WHAT TO DO :: Restate every line of the data word for word, except for the images.

EXTRACTED INFORMATION ::
# # # #
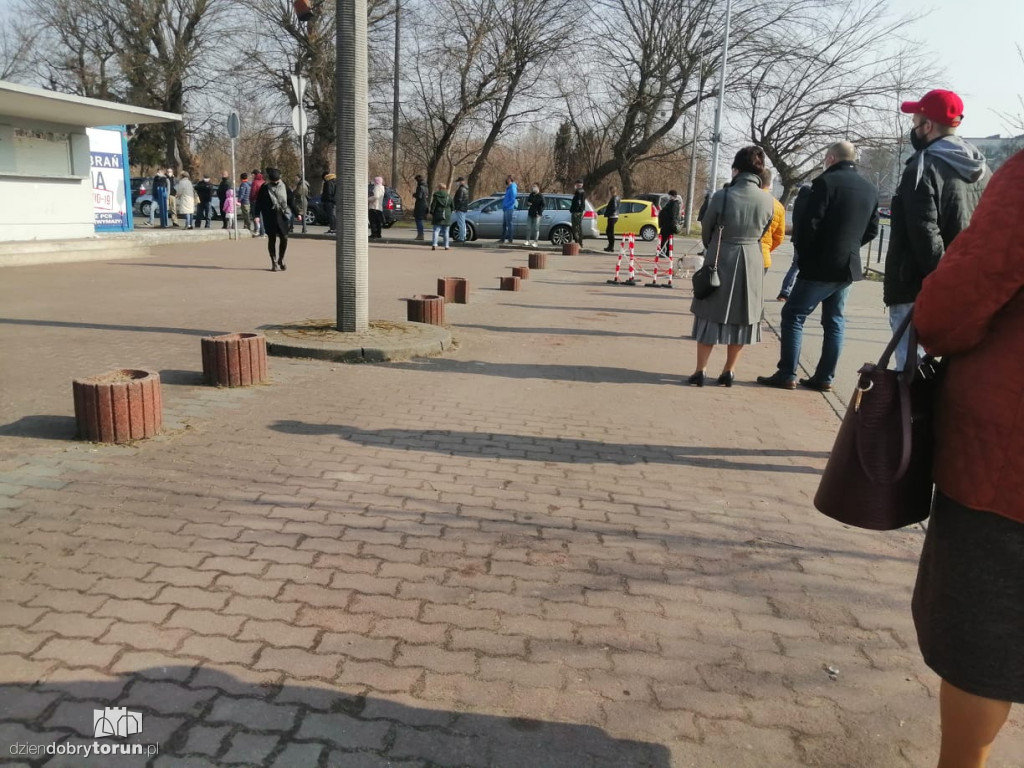 Kolejki do punkty pobrań przy Bema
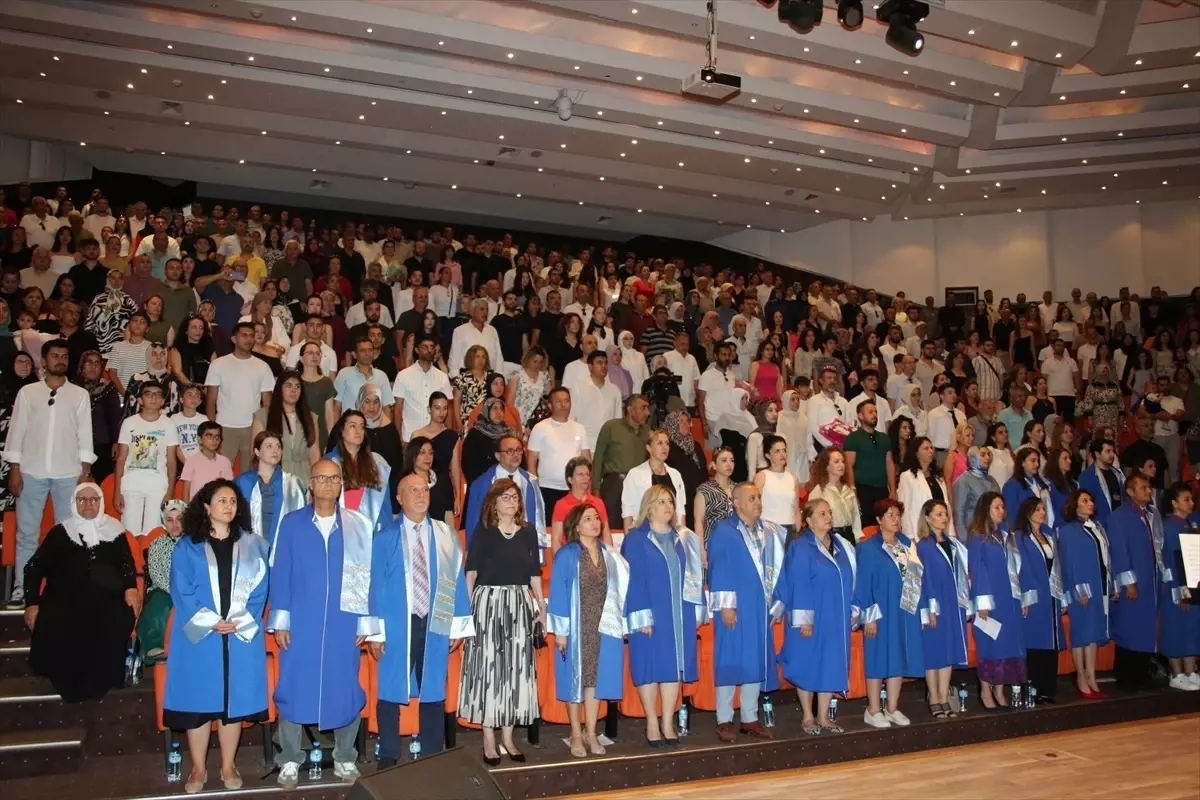 Lösemiyle Mücadele Eden Cansu Solak, Akdeniz Üniversitesi'nden Birincilikle Mezun Oldu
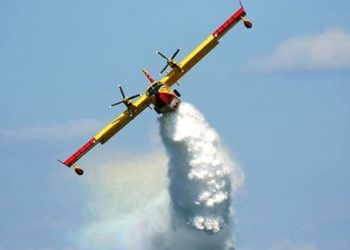 Καλύτερη εικόνα παρουσιάζει η δασική πυρκαγιά στη Ρόδο – Ισχυρές επίγειες και εναέριες δυνάμεις επιχειρούν στη Δυτ. Αττική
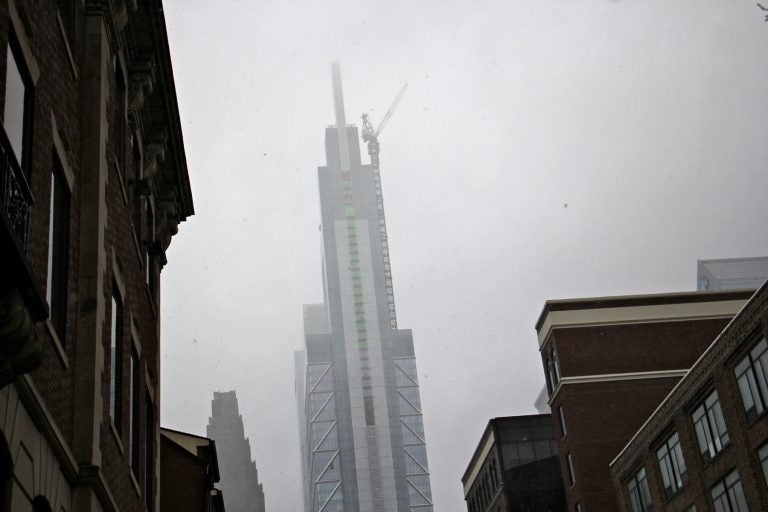 Large crane operations were suspended in Philadelphia for the day because of high winds. (Emma Lee/WHYY)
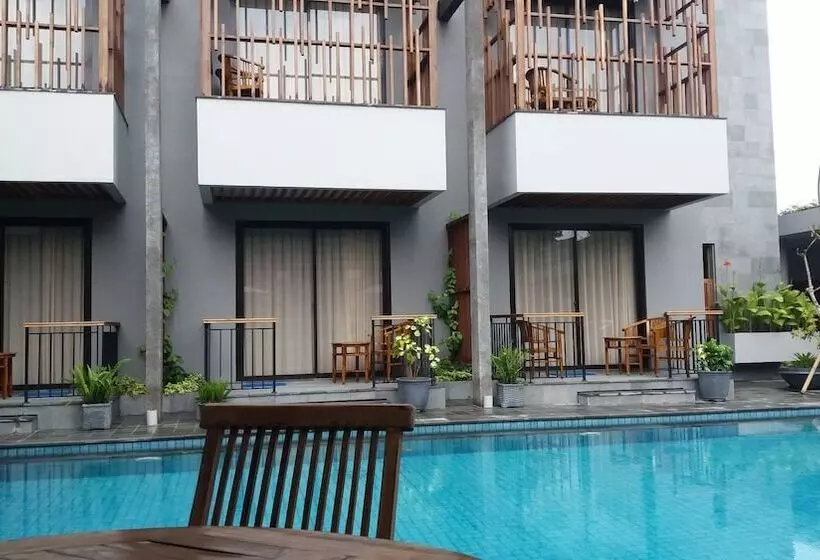 Grand Laguna Hotel & Villa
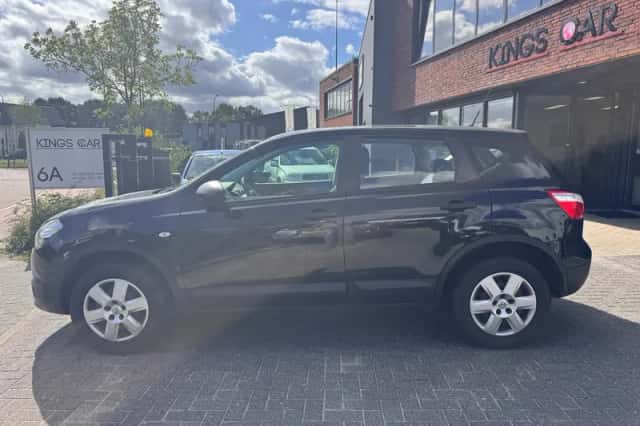Nissan Qashqai (2012) thumbnail 2
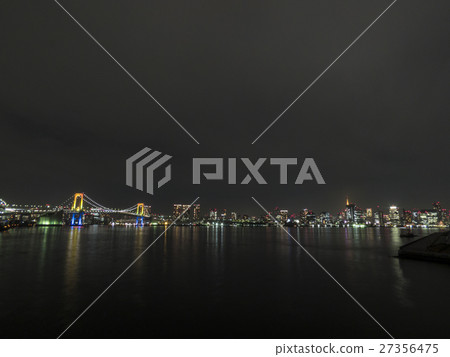 東京灣的夜景(從豐洲景觀) 東京灣的夜景(從豐洲景觀) 27356475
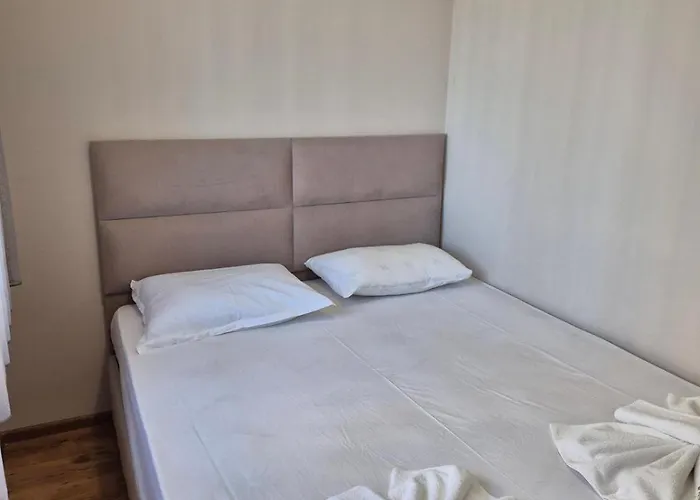 Апартамент Marea Garden, - With Pool By Flat Mаnager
# # # #
ANSWER BOX ::
 Kolejki do punkty pobrań przy Bema
 Lösemiyle Mücadele Eden Cansu Solak, Akdeniz Üniversitesi'nden Birincilikle Mezun Oldu
 Καλύτερη εικόνα παρουσιάζει η δασική πυρκαγιά στη Ρόδο – Ισχυρές επίγειες και εναέριες δυνάμεις επιχειρούν στη Δυτ. Αττική
 Large crane operations were suspended in Philadelphia for the day because of high winds. (Emma Lee/WHYY)
 Grand Laguna Hotel & Villa
Nissan Qashqai (2012) thumbnail 2
 東京灣的夜景(從豐洲景觀) 東京灣的夜景(從豐洲景觀) 27356475
 Апартамент Marea Garden, - With Pool By Flat Mаnager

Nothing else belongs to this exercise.